Il est urgent de relancer la croissance pour redonner confiance aux entrepreneurs et leur permettre d’investir, d’innover et d’exporter. Cela passera non seulement par une relance de la consommation intérieure, à travers une hausse du pouvoir d’achat des Français, mais aussi, nous le savons tous, par la capacité de nos entreprises à conquérir de nouveaux marchés à l’international. Il est donc urgent d’agir, et je sais, madame la ministre, que vous vous y évertuez.

Le Mittelstand allemand est souvent cité en exemple. Il est vrai que l’Allemagne a réussi, en dix ans, une incroyable relance de son économie, qui repose essentiellement sur son solide tissu de petites et moyennes entreprises. Certes, le succès des PME allemandes est en grande partie lié à des facteurs historiques et institutionnels et n’est donc pas entièrement transposable, mais les réformes courageuses conduites au cours de la dernière décennie, notamment celle du marché du travail, ont également joué un rôle important dans son rebond économique.

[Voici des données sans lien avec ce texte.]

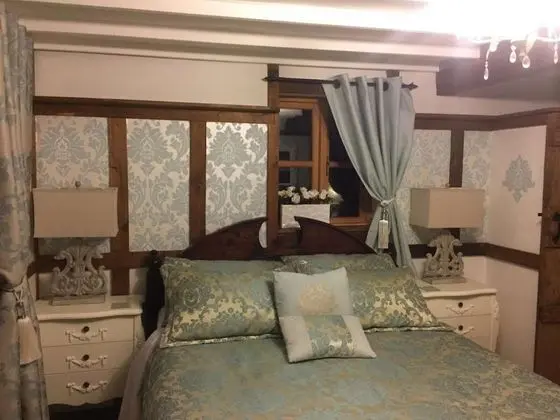 Romantic Kulübe, 1 En Büyük (King) Boy Yatak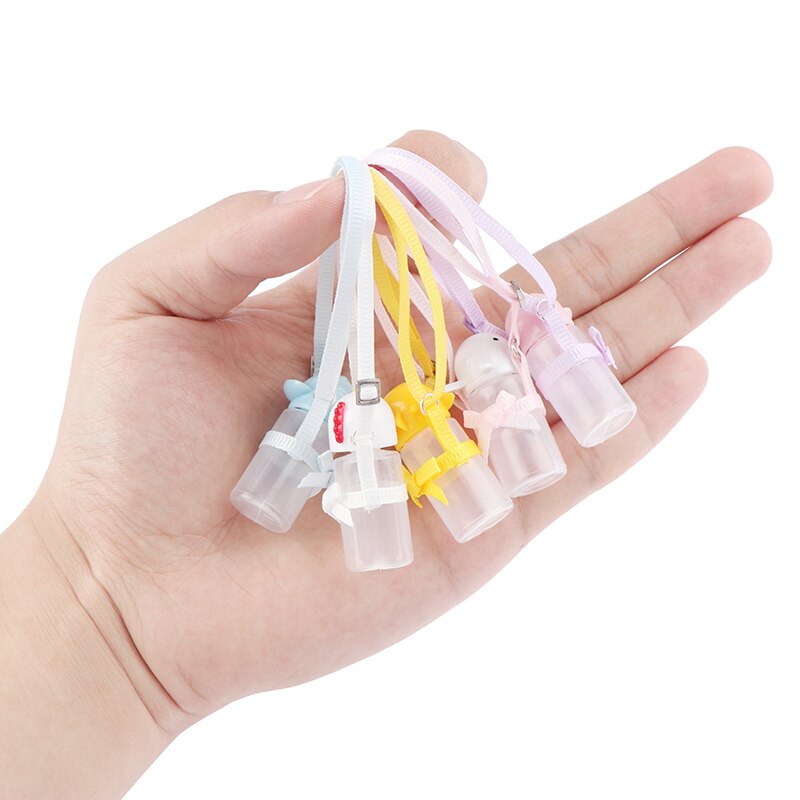 1pc 1/12 poppenhuis miniatuur accessoires waterbeker waterkoker speelgoed dop kan worden geopend willekeurige kleur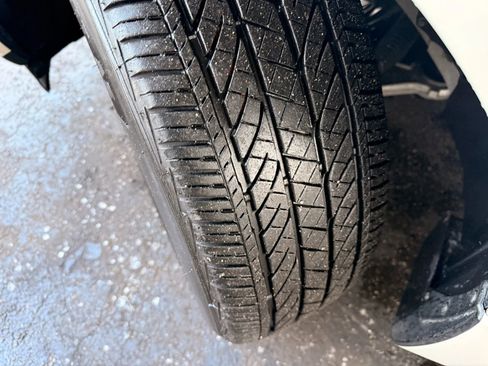 Used 2018 INFINITI QX60 3.5 Sport Utility 4D w/ Deluxe Technology Package image 43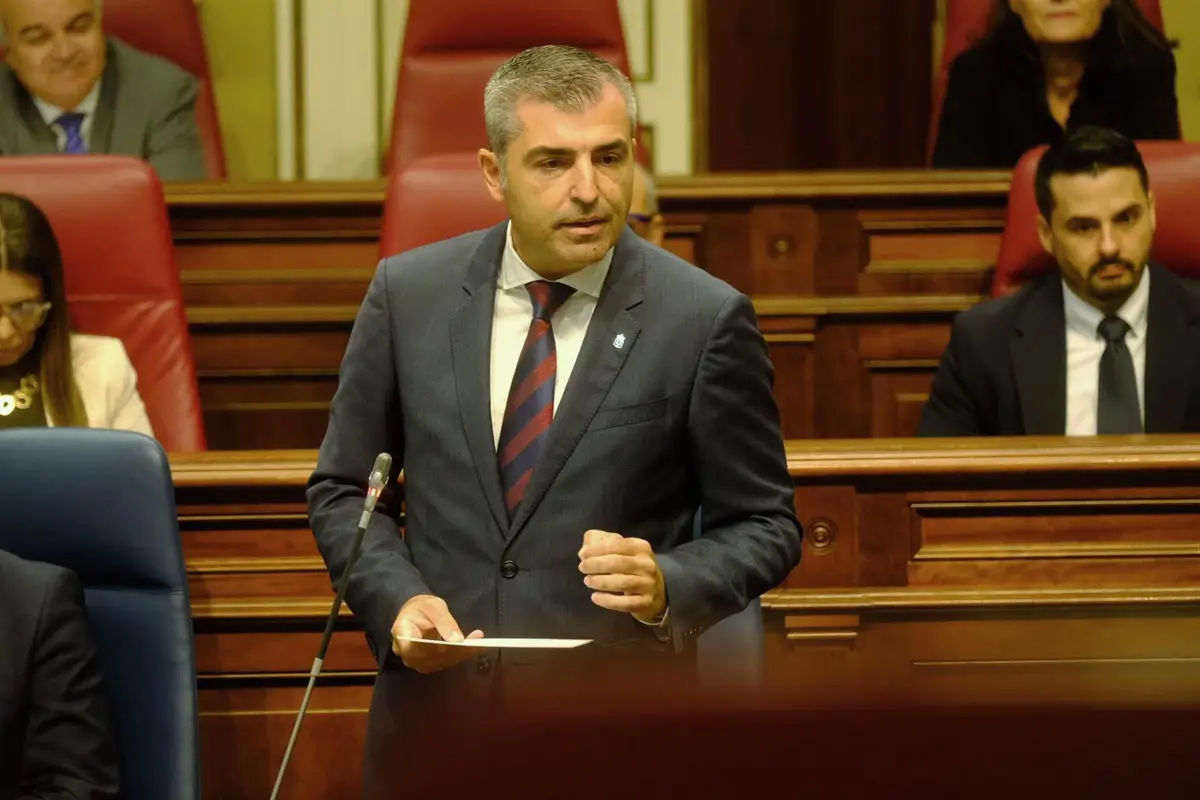 Domínguez (PP) aboga por la reubicación de menores migrantes y rechaza que Canarias sea un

Le succès actuel de l’industrie allemande repose sur l’orientation fortement internationale de ses petites et moyennes entreprises, sur une structure industrielle adaptée aux besoins des marchés, notamment émergents, et sur le positionnement haut de gamme des produits. Le secteur automobile en est une bonne illustration.

L’excellent rapport remis au Premier ministre en novembre dernier par le commissaire général à l’investissement Louis Gallois soulignait le caractère indispensable de la « montée en gamme » de l’industrie française. C’est la clef du renforcement de notre compétitivité.

Contrairement à certaines idées reçues, l’envie d’entreprendre et la création d’entreprise se portent plutôt bien dans notre pays, et même mieux que chez certains de nos voisins. Depuis dix ans, la création d’entreprise a même fortement progressé : de 210 000 entreprises créées par an en 2000, nous sommes passés à 550 000 en 2011.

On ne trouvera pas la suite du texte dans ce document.